▸ **Your task**
Transcribe every line from the one containing "Photo of 2023 Dark Moss Kia Telluride" to the end of the listing, exactly as written, and leave out the pictures.

▸ **Supplied data**
<<<<
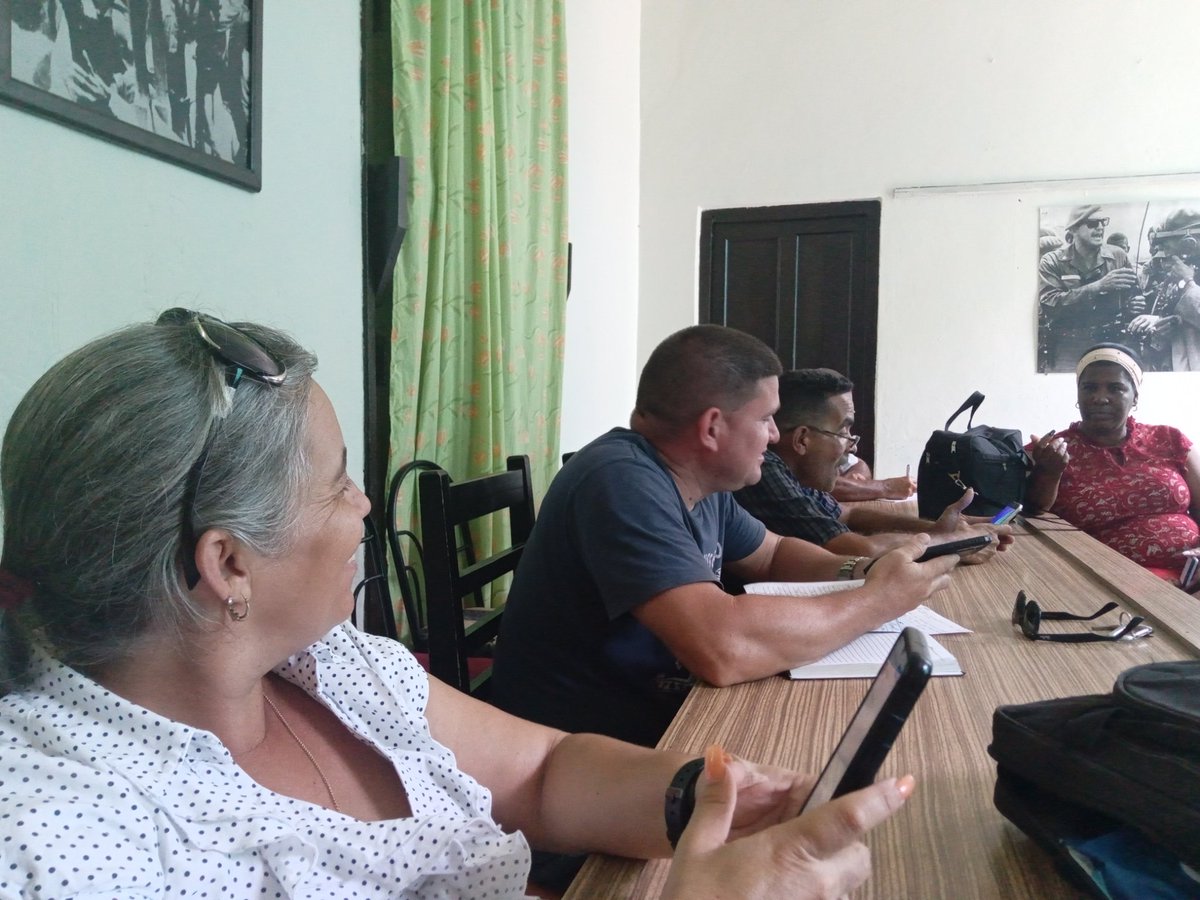 gonzalez_meilys's tweet photo. Chequeo de planteamientos del C/Popular Jagüey Sur. #JagueyEnVictoria #MatancerosEnVictoria @DiazCanelB @SucelyMorfaG @IvnMrtnzIzq1 @PomaresCardena2 @SunyGarca1 @AmppGrande https://t.co/ryMzxbpCMH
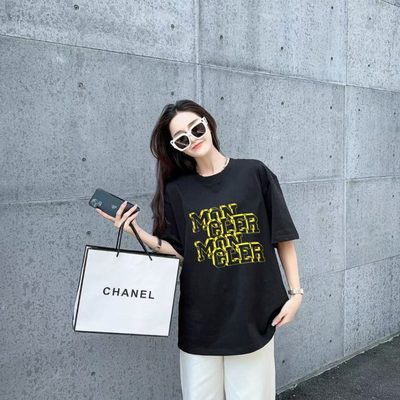 Moncler Graffiti Print T-shirt — 9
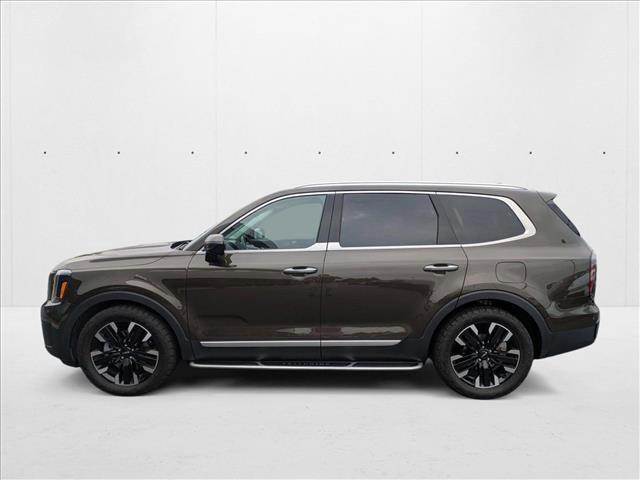 Photo of 2023 Dark Moss Kia Telluride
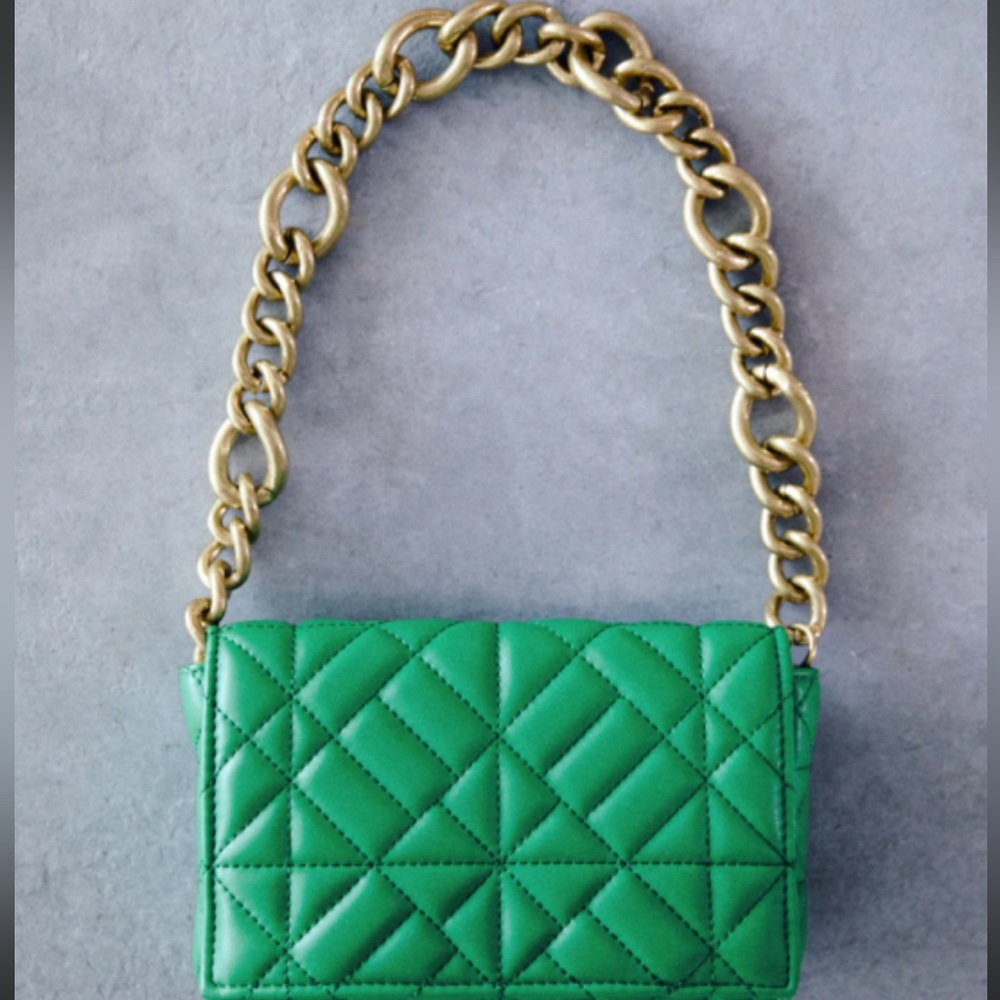 Zara quilted chain bag in the color green. Never used.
>>>>
▸ **Exercise answer**
 Photo of 2023 Dark Moss Kia Telluride
 Zara quilted chain bag in the color green. Never used.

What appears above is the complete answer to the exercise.